Family stability grants bolster casework in Hickman Mills, Grandview school districts

Staff at the Community Assistance Council in Hickman Mills, seen here unloading donations to a food pantry, will soon have the help of case managers working directly with families in need because of new grants from the United Way of Greater Kansas C…

Staff at the Community Assistance Council in Hickman Mills, seen here unloading donations to a food pantry, will soon have the help of case managers working directly with families in need because of new grants from the United Way of Greater Kansas City and the Jackson County Children’s Services Fund.

The social service agencies supporting the Hickman Mills and Grandview school districts are wasting no time.

Almost as soon as the United Way of Greater Kansas City and the Jackson County Children’s Services Fund awarded grants for case managers to Hickman Mills’ Community Assistance Council (CAC) and the Grandview Assistance Program (GAP), new workers are being hired and put into action.

The agencies leapt at the opportunity because experience has proven that dedicated case managers are an essential missing link between overwhelmed families in need and the myriad social services out there that can help them.

“We can’t imagine the stress in their lives,” said CAC Executive Director Rachel Casey, about families worried over shut-off utilities, or eviction, or hunger — let alone getting children to school. “You’re in survival mode.”

The United Way of Greater KC distributed the grant money through the Siemer Institute’s Family Stability Initiative with the goal of seeing school children thrive, said Jim MacDonald, the local United Way’s chief community investment officer.

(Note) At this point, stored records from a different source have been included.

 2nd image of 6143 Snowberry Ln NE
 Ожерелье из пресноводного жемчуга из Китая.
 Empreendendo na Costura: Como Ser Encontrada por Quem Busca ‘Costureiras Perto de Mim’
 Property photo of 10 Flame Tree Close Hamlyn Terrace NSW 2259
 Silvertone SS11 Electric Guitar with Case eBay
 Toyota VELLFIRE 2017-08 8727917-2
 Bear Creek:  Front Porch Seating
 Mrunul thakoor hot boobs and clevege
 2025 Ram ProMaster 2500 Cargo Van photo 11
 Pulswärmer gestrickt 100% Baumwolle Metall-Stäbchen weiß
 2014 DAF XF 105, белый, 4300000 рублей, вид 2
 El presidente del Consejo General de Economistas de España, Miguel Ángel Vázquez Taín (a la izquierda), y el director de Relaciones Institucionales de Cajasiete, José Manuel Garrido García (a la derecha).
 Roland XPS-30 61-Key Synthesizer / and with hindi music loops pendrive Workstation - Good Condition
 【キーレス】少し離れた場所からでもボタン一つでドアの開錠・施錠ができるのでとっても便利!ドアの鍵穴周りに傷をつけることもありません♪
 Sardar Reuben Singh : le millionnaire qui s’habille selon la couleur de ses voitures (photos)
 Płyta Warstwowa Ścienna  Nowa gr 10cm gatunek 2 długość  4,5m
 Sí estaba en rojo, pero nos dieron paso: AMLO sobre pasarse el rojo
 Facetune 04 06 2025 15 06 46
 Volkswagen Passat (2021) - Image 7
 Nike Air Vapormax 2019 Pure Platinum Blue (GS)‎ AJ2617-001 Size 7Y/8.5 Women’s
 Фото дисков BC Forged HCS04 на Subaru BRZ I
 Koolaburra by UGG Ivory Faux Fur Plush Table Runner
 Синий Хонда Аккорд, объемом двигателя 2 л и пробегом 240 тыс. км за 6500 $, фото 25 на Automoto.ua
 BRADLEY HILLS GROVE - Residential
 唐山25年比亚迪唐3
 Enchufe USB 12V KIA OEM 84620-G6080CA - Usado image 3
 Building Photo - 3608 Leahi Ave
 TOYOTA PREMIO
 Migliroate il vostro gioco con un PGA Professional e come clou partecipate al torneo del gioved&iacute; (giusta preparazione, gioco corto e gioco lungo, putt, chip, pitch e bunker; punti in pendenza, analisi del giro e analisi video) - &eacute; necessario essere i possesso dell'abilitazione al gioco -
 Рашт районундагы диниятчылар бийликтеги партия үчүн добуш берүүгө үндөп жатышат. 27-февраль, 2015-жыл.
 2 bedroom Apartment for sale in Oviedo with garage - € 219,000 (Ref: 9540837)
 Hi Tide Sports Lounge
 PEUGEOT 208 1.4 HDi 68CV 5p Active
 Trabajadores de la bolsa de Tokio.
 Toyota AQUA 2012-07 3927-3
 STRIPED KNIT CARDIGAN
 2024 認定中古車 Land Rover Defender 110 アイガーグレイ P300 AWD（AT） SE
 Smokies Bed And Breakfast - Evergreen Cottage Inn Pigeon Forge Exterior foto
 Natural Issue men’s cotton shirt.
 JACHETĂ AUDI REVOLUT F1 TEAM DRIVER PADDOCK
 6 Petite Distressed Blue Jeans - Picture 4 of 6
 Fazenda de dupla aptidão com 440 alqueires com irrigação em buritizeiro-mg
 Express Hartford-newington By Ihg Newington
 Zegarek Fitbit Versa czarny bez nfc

Two case managers are starting at CAC and another case manager is being hired at GAP to provide struggling families in the school districts with someone who can guide them to the help they need and persist in seeing the help through.

“We can keep kids in their own school,” MacDonald said. “We can stabilize families and have positive impact on student outcomes.”

The county’s children’s services fund is providing the operating costs of adding case managers and the United Way grant is backing them with funds for direct costs of services, like assistance in utility bills or rent.

The case managers will work with families and guide them through whatever range of help they might need, such as physical health and mental health counseling, financial counseling and budget planning, nutrition needs and relief from housing stress.

Hickman Mills and Grandview are joining the Family Stability Initiative already in place in the Kansas City Public Schools and in the Independence, Blue Springs and Shawnee Mission school districts.

A case manager can help a family work through the crisis and begin to shape “a long-term strategy,” Casey said. “We know that children fall academically behind when they move school-to-school and experience trauma.”

The success of the grant program will be measured in better student attendance and school performance because those are the beneficial fruits when parents can focus on their children’s education.

“Anything we can do,” MacDonald said, “to help a family in distress get to stability has a positive effect for the whole community.”